_Exercise description_
Your reply should reproduce each entry exactly and contain no pictures.

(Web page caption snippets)
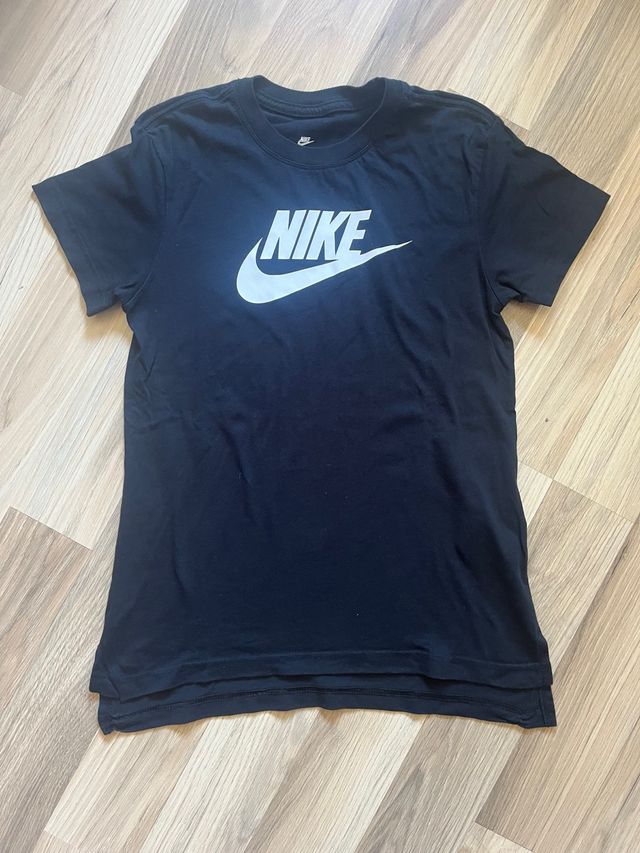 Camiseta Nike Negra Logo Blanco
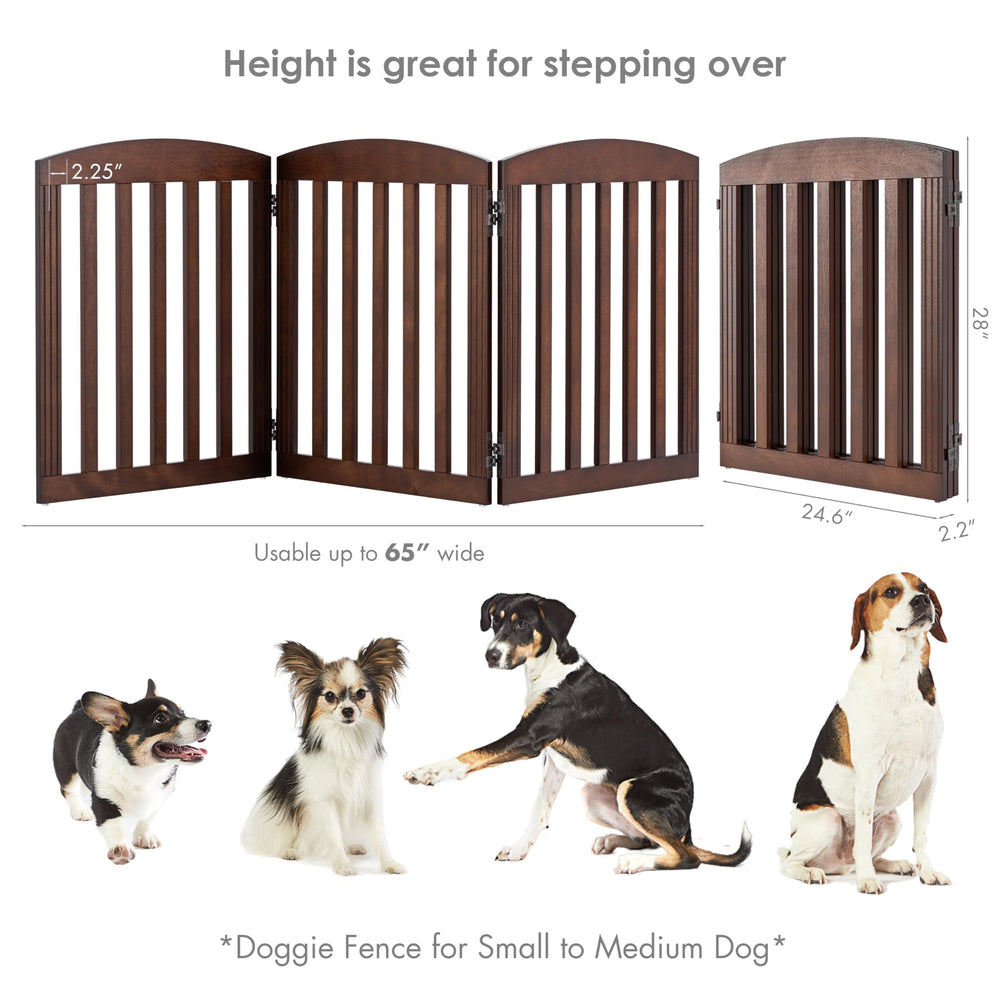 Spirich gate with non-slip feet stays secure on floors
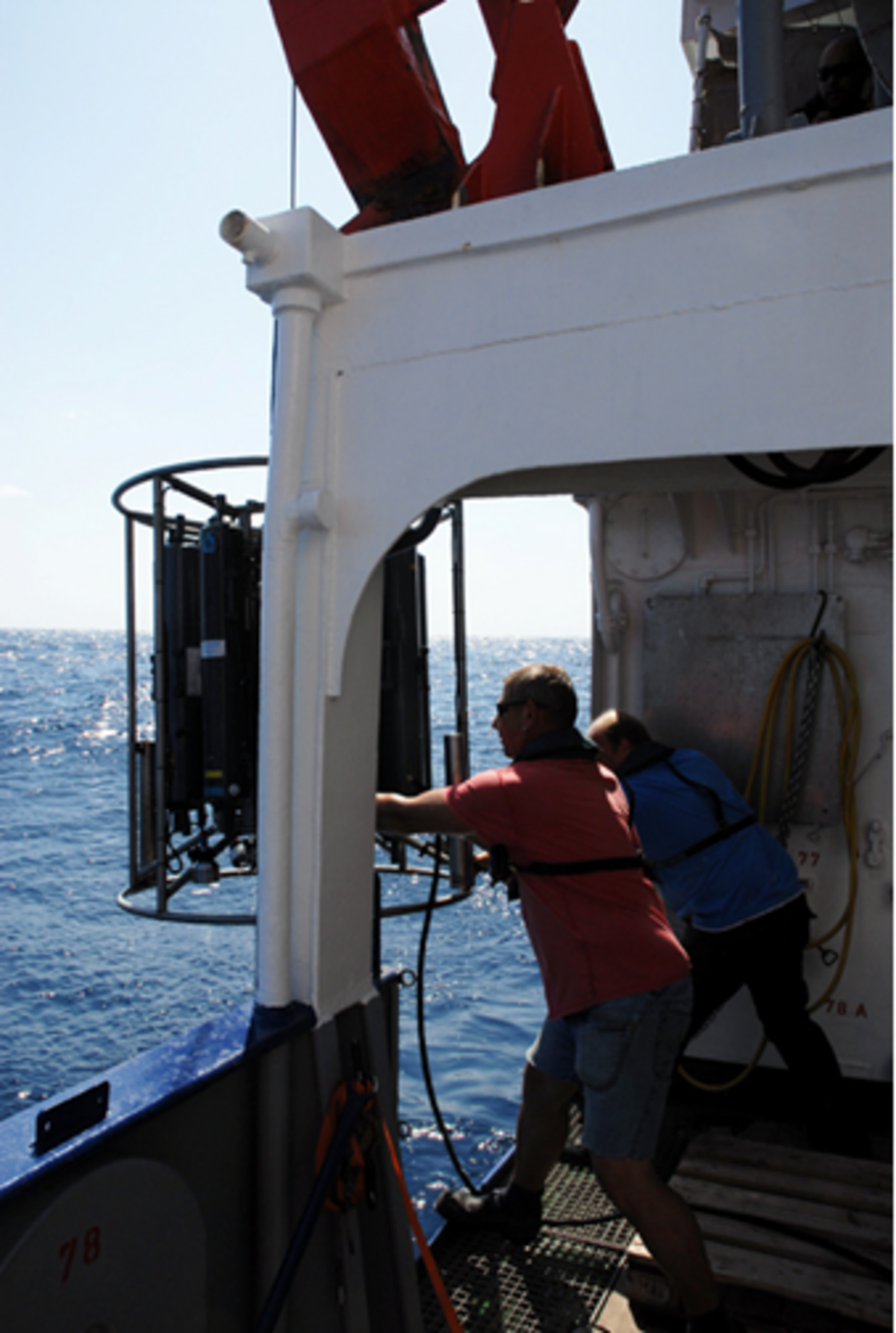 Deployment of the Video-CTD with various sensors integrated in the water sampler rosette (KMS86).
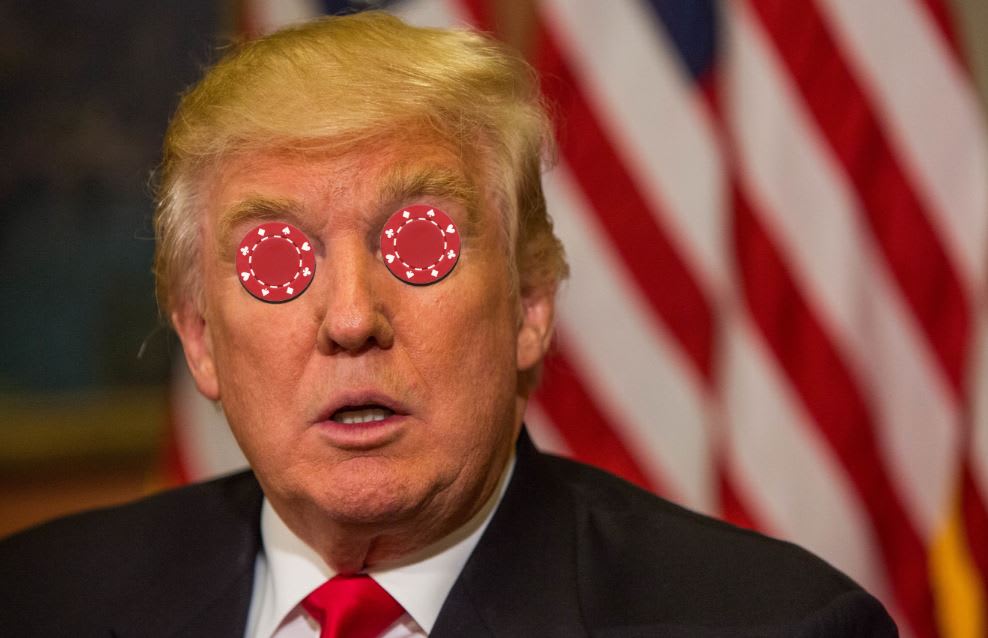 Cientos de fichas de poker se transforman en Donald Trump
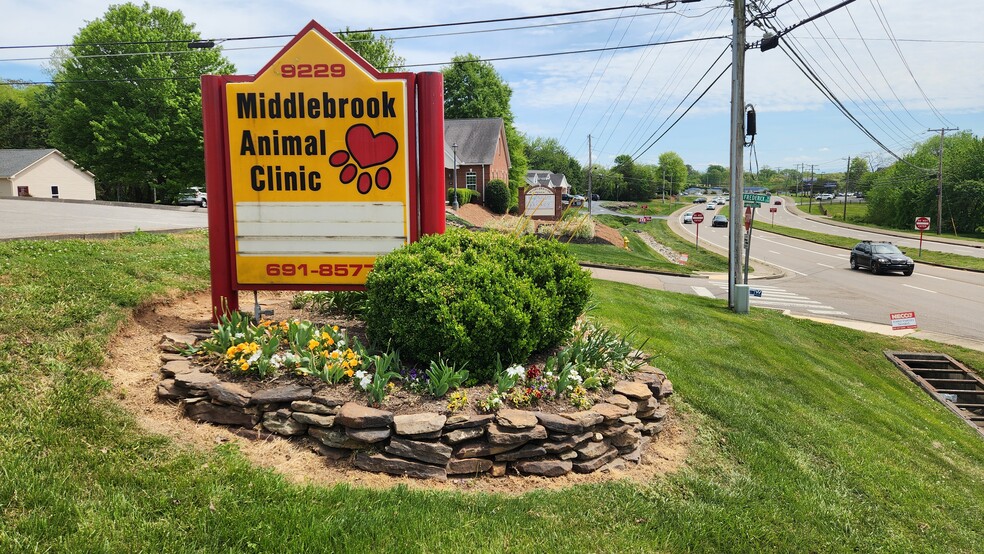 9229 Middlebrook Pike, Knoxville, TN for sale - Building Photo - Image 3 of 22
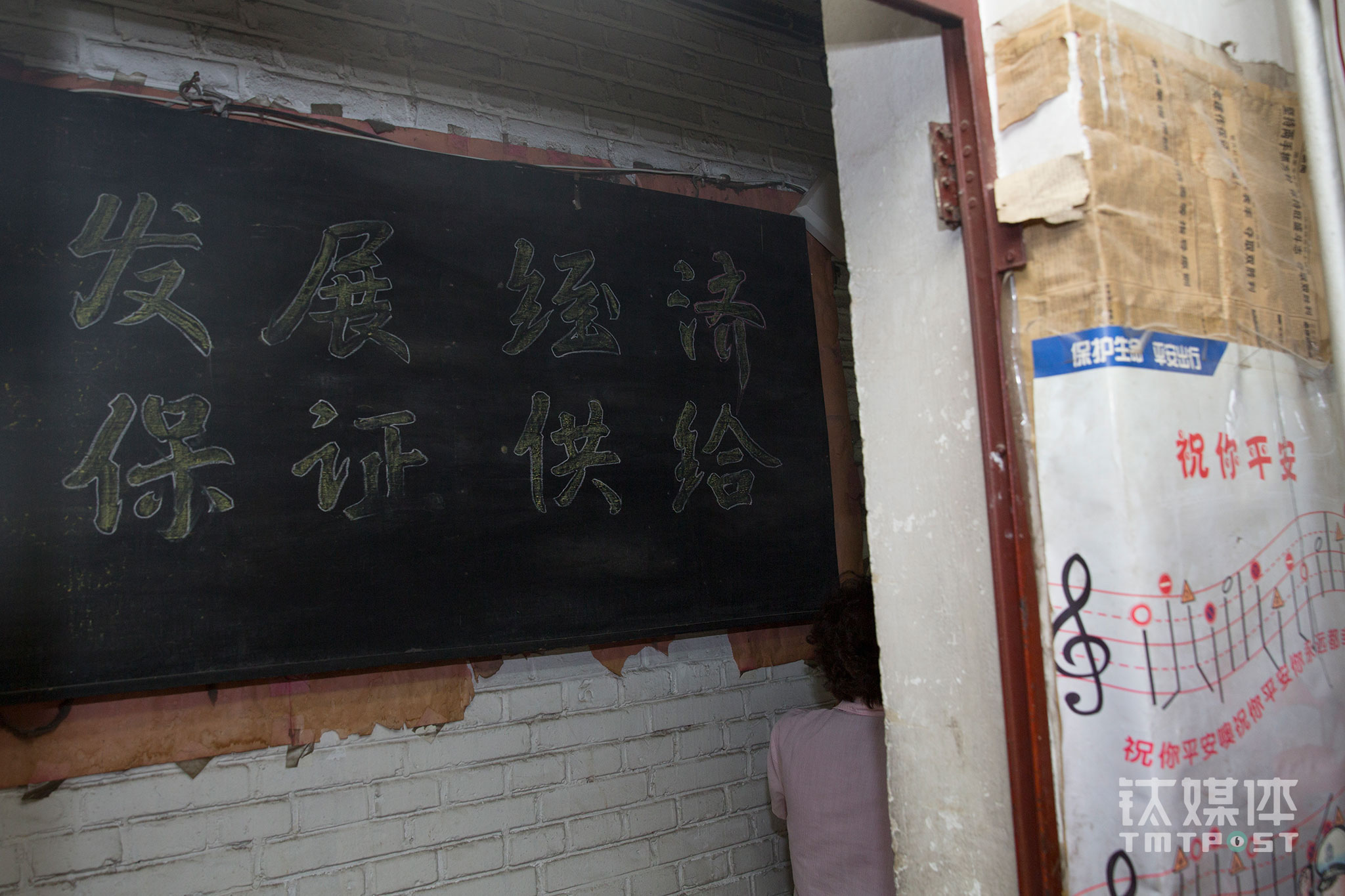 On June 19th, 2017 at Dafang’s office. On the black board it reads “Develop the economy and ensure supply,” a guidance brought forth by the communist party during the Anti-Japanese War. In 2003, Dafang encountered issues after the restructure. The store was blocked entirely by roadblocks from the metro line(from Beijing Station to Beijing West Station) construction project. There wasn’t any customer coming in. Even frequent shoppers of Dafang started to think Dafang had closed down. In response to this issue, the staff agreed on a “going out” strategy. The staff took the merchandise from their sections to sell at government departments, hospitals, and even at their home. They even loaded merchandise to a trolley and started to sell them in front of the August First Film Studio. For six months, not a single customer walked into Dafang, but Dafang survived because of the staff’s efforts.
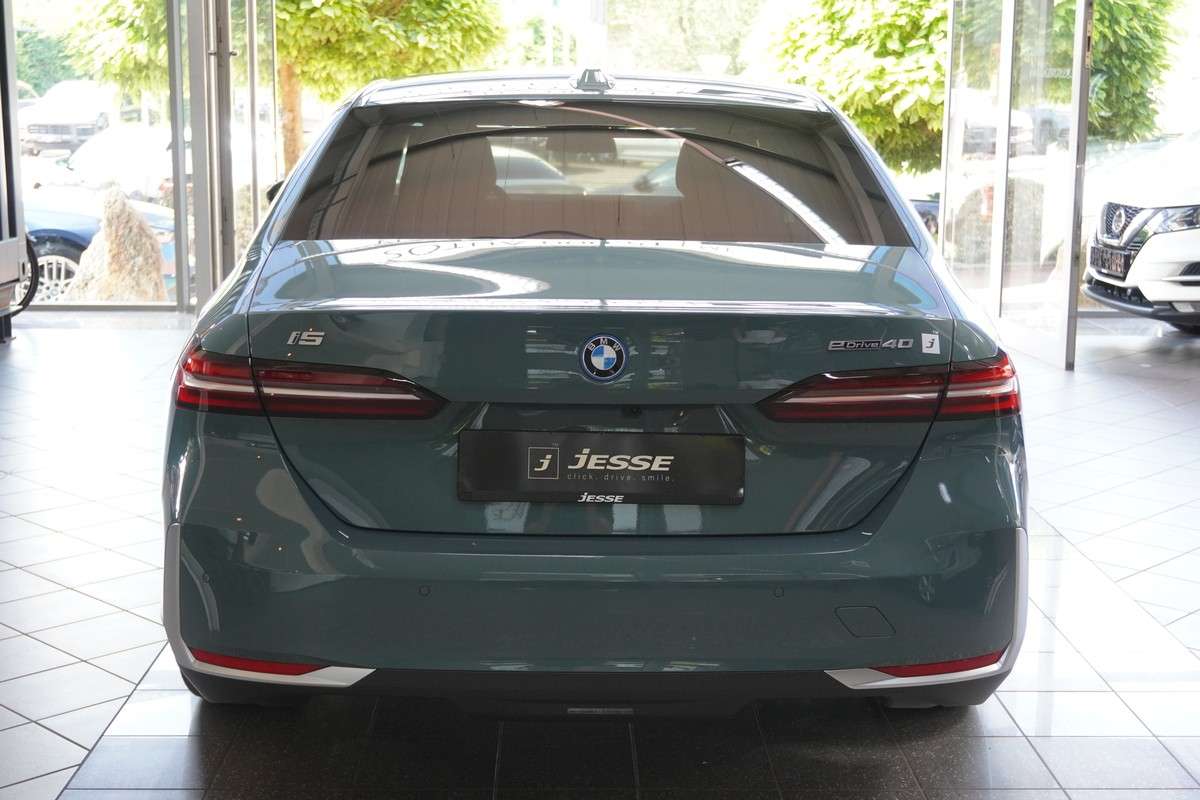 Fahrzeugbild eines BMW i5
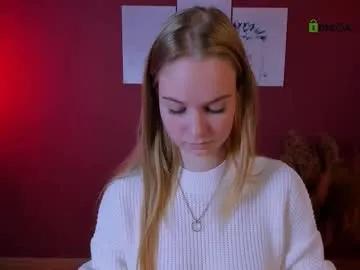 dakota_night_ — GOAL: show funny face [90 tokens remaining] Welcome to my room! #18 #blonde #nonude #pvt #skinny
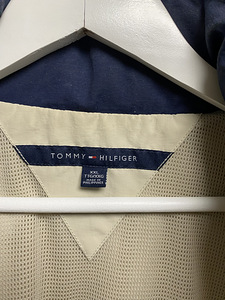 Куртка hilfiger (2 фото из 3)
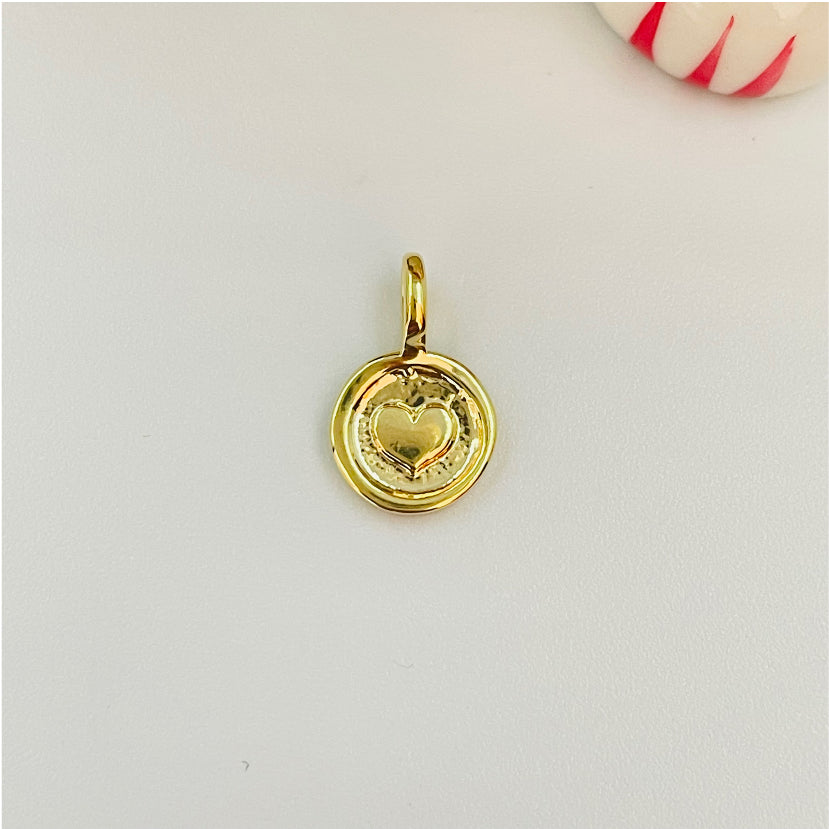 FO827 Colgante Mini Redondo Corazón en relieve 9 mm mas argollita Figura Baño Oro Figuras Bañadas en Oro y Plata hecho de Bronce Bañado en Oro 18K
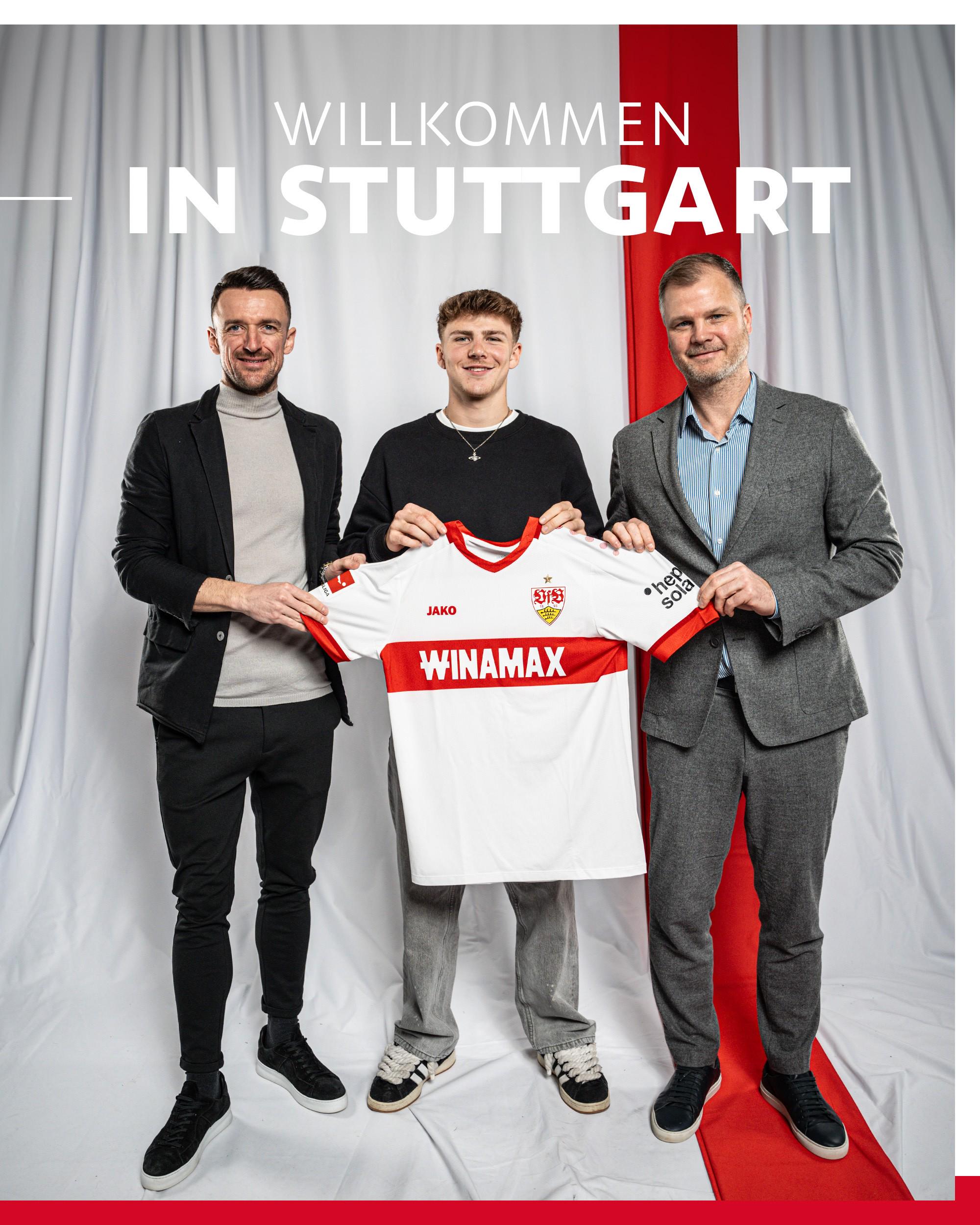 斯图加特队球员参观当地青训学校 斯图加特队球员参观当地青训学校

_Exercise response_
 Camiseta Nike Negra Logo Blanco
 Spirich gate with non-slip feet stays secure on floors
 Deployment of the Video-CTD with various sensors integrated in the water sampler rosette (KMS86).
 Cientos de fichas de poker se transforman en Donald Trump
 9229 Middlebrook Pike, Knoxville, TN for sale - Building Photo - Image 3 of 22
 On June 19th, 2017 at Dafang’s office. On the black board it reads “Develop the economy and ensure supply,” a guidance brought forth by the communist party during the Anti-Japanese War. In 2003, Dafang encountered issues after the restructure. The store was blocked entirely by roadblocks from the metro line(from Beijing Station to Beijing West Station) construction project. There wasn’t any customer coming in. Even frequent shoppers of Dafang started to think Dafang had closed down. In response to this issue, the staff agreed on a “going out” strategy. The staff took the merchandise from their sections to sell at government departments, hospitals, and even at their home. They even loaded merchandise to a trolley and started to sell them in front of the August First Film Studio. For six months, not a single customer walked into Dafang, but Dafang survived because of the staff’s efforts.
 Fahrzeugbild eines BMW i5
 dakota_night_ — GOAL: show funny face [90 tokens remaining] Welcome to my room! #18 #blonde #nonude #pvt #skinny
 Куртка hilfiger (2 фото из 3)
 FO827 Colgante Mini Redondo Corazón en relieve 9 mm mas argollita Figura Baño Oro Figuras Bañadas en Oro y Plata hecho de Bronce Bañado en Oro 18K
 斯图加特队球员参观当地青训学校 斯图加特队球员参观当地青训学校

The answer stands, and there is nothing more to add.